Kadim siyasi kültür ve gelenekte olduğu üzere Osmanlı devletinde idari hiyerarşinin başında sultan var; Türk. Altında sadrazam var; Türk. Altında askeriye-maliye-ilmiye-kalemiye var; iyi eğitimli ve devşirme kalemiye hariç hepsi Türk.
Devleti sultan temsil ediyor: Dolayısıyla yüksek bürokrasi doğal olarak “sultanın adamlarıdır”. İlmiye sınıfı hariç diğerleri azledilebilir, siyaseten katledilebilir, malı müsadere edilebilir.
Bu o dönemde benzer devletlerin tümünde aynıdır; ilmiyenin imtiyazı Osmanlıya has çünkü devlet İslam’ın muhafızı ve mümessilidir…
Geçiş zamanı değişse de modern çağla beraber dünyada saltanat sistemleri yıkılır, yerini devlet alır: İlk örnekleri kuzey Avrupa’da görüldüğü üzere mutlak monarşinin yerini mutlak devlet alacaktır.
Sosyal sözleşmenin piri Hobbes’in resmettiği “bir elinde dini/yasayı, diğer elinde icrayı/iktidarı” temsil eden tek hükümdar kraldır ama bu kral devlete dönüşecektir. Hobbesgillerin sorunu, devletin mutlak iktidarını anayasayla sınırlama sorunudur artık.

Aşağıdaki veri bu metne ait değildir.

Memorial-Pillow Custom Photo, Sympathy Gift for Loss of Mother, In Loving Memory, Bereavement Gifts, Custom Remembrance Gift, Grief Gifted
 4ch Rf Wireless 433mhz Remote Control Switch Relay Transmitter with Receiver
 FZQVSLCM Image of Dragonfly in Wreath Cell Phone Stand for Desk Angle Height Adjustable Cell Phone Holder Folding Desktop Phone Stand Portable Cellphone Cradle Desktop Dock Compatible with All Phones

“Kralın iki bedeni” teorisi bu anlatılanları çok güzel izah eder: Kralın beşeri vücudu herkes gibi zaaflı, hatalı, ölümlüdür ama devleti temsil eden kutsal bedeni kusursuz, hatasız, ölümsüzdür: Beşeri vücut ölünce ölümsüz ruh yeni yöneticiye geçer: Devlet ilelebet bakidir!…
Osmanlı hanedanlığı yıkıldığında sultanın yerine devlet geçti, idari hiyerarşi şöyle oluştu: Ordu-maliye-mülkiye-modern ilmiye-yüksek yargı; ikinci dereceden siyasi partiler, devlet destekli sermaye ve medya.
Sultanın “adamları” devletin “bürokratları”dır; “patron” artık sultan değil devlettir.. Devlet kimdir? Kendi içinde hiyerarşisiyle bürokrasi…
Devlet, monarşilerde olduğu gibi şahsi bir varlık değildir; gayr-ı şahsi, soyut, hükmi bir varlıktır; yasası vardır, temsilen yönetilir; temsilciler periyodik aralıklarla seçilir…
Bürokrasi işinde uzmandır ama başka bir iş bilmez. Patronsuz yaşayamaz! Dolayısıyla Osmanlıda devleti kurtarmak isteyenlerde, cumhuriyette devleti kuranlar ve koruyanlarda aynı kültürü taşır…
Geriye kaldı halk: Dünün tebası bu günün yurttaşı! Bunların devletle pek işi olmaz: General Nevzat Tandoğun’ın veciz sözüyle “çalışır üretir vergisini verir; askere çağrıldığında gider!”…
Devletlü veya iktidar sınıfı dendiğinde, mesleği politikacılık olan siyaset esnafından bahsetmemek olmaz! Hakkında çokça araştırma yapılan bir sınıf bunlar: Bürokrasi gibi işleri politikadır!
Modern devlette iktidar partisi muhalefet partisi ayırmadan diyelim politika esnafında iktidar sınıfına dâhil olmak pek mühimdir; çünkü “yükselmenin-zenginliğin-yasal dokunulmazlığın-sorgusuzluğun” en geçerli kaynağıdır! Dolayısıyla zorunlu olarak devletçidir: Ölümcül cazibede buradadır.
Bizim tarihte bu işi ittihat terakkiden daha iyi yapan yoktur: Bunlar Tanzimatla başlayan büyük değişim sürecinde çok iyi yetişmiş ve örgütlenmiştir: Nerdeyse tek söz sahibidir; çünkü 19. Yüzyılda sultan artık semboliktir.
1909’dan bu yana vitrine çıkmazlar ama hep iktidardırlar! Resmi hiyerarşinin dışında kendi örgüt hiyerarşileri vardır!
Bunların sabit ideolojisi yoktur; çağdaş gereksinim ve devletin bekası neyi icap ettiriyorsa onu öne çıkartır: İslamcılık liberalizm milliyetçilik sosyalizm dahil!